The wound vesicle was examined by thin section EM (Fig. 7). A cross section through the center of a wound vesicle showed that the injected SW was surrounded by a donut-shaped domain corresponding to the more continuously stained Nile red region of a two-boundary wound vesicle (Fig. 6). High magnification revealed that an electron-dense boundary is present continuously around the injected SW (Fig. 7) in a location consistent with the innermost boundary described above (Fig. 6) as limiting FS diffusion and stainable with DiI. This confirms that the wound vesicle is a membrane-bounded inclusion. The donut-shaped domain contains abnormal cytoplasm that may be the result of massive fusion of organelles. Outside of the donut-shaped domain, the cytoplasm appeared normal, except for the presence of large organelles that appeared to be the result of fusion of several yolk platelets. Thus, alterations in normal cytoplasmic structure occur beyond the membrane boundary that excludes the SW.
SW of varying Ca2+ concentration was injected to determine the threshold for the formation of the wound vesicle. SW containing 1.9 mM Ca2+ did not form a stable wound vesicle, as indicated by the declining ratio measurement of Fig. 8. Indeed, 1.9 mM Ca2+ yielded a response that was indistinguishable from that elicited by artificial SW to which no Ca2+ was added. SW containing 3 mM Ca2+ formed a more stable vesicle than did 1.9 mM, but one that was quantitatively (Fig. 8) and qualitatively (it could often be observed to break up into numerous smaller vesicles) less stable than those formed with 4.9 mM or normal SW (∼10 mM Ca2+).
Mg2+, a group II divalent cation, was present at 48.4 mM in the Ca2+-free SW used above, and so we knew this divalent did not induce wound vesicle formation or allow resealing of large disruptions. Strontium and barium are also group II divalent cations, and sometimes have similar physiological effects as Ca2+ (Hille, 1992). When 10 mM SrCl2 added to CFSW was injected, a wound vesicle did not form, but instead the eggs became partially activated as indicated by fertilization envelope elevation near the injection site (three out of three sea urchin eggs; 2% volume injection). Precipitates formed when 10 mM BaCl2 was added to CFSW, so Ba2+ was injected instead in 500 mM NaCl. This did not form a wound vesicle nor cause fertilization envelope elevation (three out of three eggs; as control, 10 mM CaCl2 in 500 mM NaCl formed a wound vesicle in three of three eggs). Therefore, wound vesicle formation appears to be regulated specifically by Ca2+, as opposed to divalent cations in general.

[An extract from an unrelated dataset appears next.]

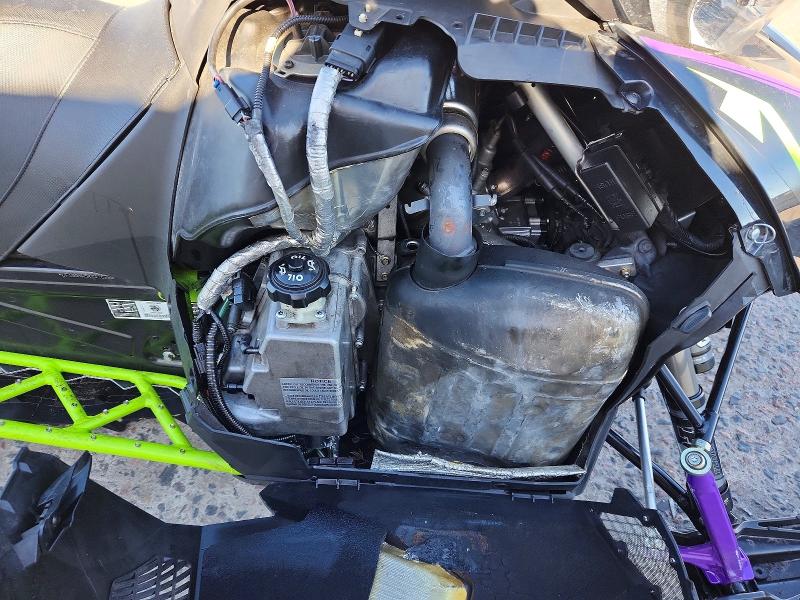 Продажа на аукционе авто 2019 Arctic Cat Arctic Cat, vin: 4UF19SNW5KT116260, номер лота: 47747126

The wound vesicle was generally very stable. In one experiment, eight starfish immature oocytes were injected with a 2% volume of SW. The oocytes were then matured by the hormone 1-methyladenine and fertilized; the wound vesicles remained through the meiotic divisions as well as fertilization and first mitosis in all eight eggs (cleavage was normal in five out of eight eggs). In another experiment, 12 starfish immature oocytes were injected with a 2% volume of SW and cultured for 3 d. Eight out of 12 oocytes survived, and in each, the wound vesicle was still intact.

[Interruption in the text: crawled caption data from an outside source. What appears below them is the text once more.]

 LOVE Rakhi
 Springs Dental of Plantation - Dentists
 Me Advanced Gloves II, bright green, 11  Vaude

Extrusion of Cytoplasm into SW Causes Fusion of Intracellular Membranes
We devised another way to test whether Ca2+ causes intracellular membranes to fuse and form boundaries. Mature starfish eggs were first injected with a fluorescent marker (200 μg/ml 70-kD Fl FDx final concentration). After the fluorescent marker had diffused throughout the cytosol, egg cytoplasm was removed by suction using a microneedle. The cytoplasm was then extruded into solutions with or without calcium. When cytoplasm was extruded into CFSW or an intracellular buffer, the fluorescence diffused away; in contrast, when cytoplasm was extruded into SW, a large amount of the fluorescence remained with the extruded cytoplasm (Fig. 9). This is consistent with Ca2+-induced fusion of intracellular membranes which encloses the cytosol as it is extruded. When cytoplasm was extruded into 1 mM Ca2+, significantly less of the dye was retained. This concentration is similar to the threshold for creating wound vesicles, and suggests that this process is similar to what occurs when Ca2+ solutions are injected into the cytoplasm.
Which Intracellular Membranes Are Involved?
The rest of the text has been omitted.